L’Esprit Mutuel, selon Daniel Baal
Enfant, Daniel Baal rêvait de devenir champion cycliste. Homme de terrain et d’engagement, il a présidé la Fédération Française de Cyclisme pendant huit ans, en parallèle de son activité professionnelle au Crédit Mutuel. Président de Crédit Mutuel Alliance Fédérale depuis 2024, il s’est donné pour mission de servir autant les sociétaires et clients que la société, en soutenant la solidarité et l’environnement.
Propos recueillis par Réjane Éreau
Au Crédit Mutuel comme dans le cyclisme, vous avez commencé sur le terrain, pour finir à la tête. Comment définiriez-vous votre moteur ?

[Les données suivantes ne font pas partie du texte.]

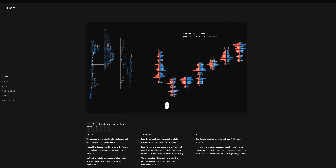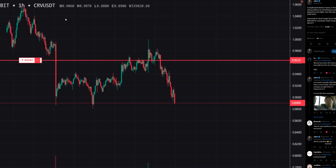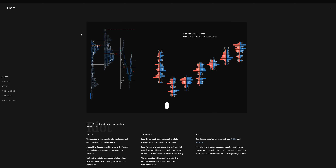Hi everyone and welcome to the next video. I mentioned this yesterday on Twitter that I will be making a trade breakdown about the Curve short that I took this week. It's been overall quite a slow week so I figured there's not much to do today anyway, so I will just quickly record this one.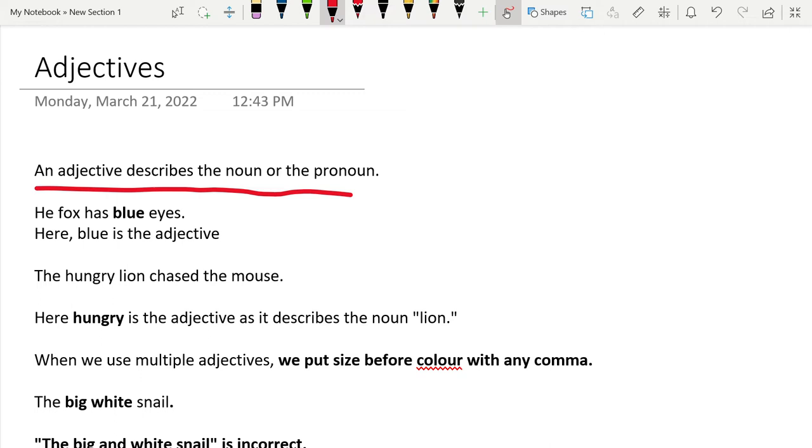If you don't know what the noun or the pronoun is, check out the videos in the English Basics playlist and you will get to that video.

Dans les deux cas, j’ai très clairement été porté par la motivation et l’engagement. Et d’abord, avant tout, par l’engagement – la motivation vient ensuite. Dans le cyclisme, j’ai débuté comme coureur, puis je suis devenu dirigeant de club et dirigeant de ligue régionale. Ensuite, c’est un engrenage : président de fédération nationale, vice-président de fédération internationale… Si je me suis engagé à ce point, c’est bien sûr parce que j’adore le sport et le cyclisme, mais aussi parce que j’avais envie d’avoir une action publique, une action qui compte ; et d’œuvrer pour le bien de la collectivité. Au Crédit Mutuel aussi, j’ai commencé au bas de l’échelle, en tant que rédacteur crédit. Au début, je passais mes journées à dépouiller des bilans d’entreprises et à traiter des dossiers de crédit. Le Crédit Mutuel est une entreprise à part, où l’investissement des collaborateurs est récompensé. C’est ce qui m’a permis d’y exercer différentes fonctions : responsable des engagements, directeur de caisse, directeur général d’une fédération, directeur général du groupe… jusqu’à devenir président du groupe, lorsque Nicolas Théry a décidé de quitter ses fonctions et m’a proposé pour prendre son relais.
Quels ponts faites-vous entre votre parcours professionnel et votre action dans le monde du sport ? Comment l’un a-t-il nourri l’autre ?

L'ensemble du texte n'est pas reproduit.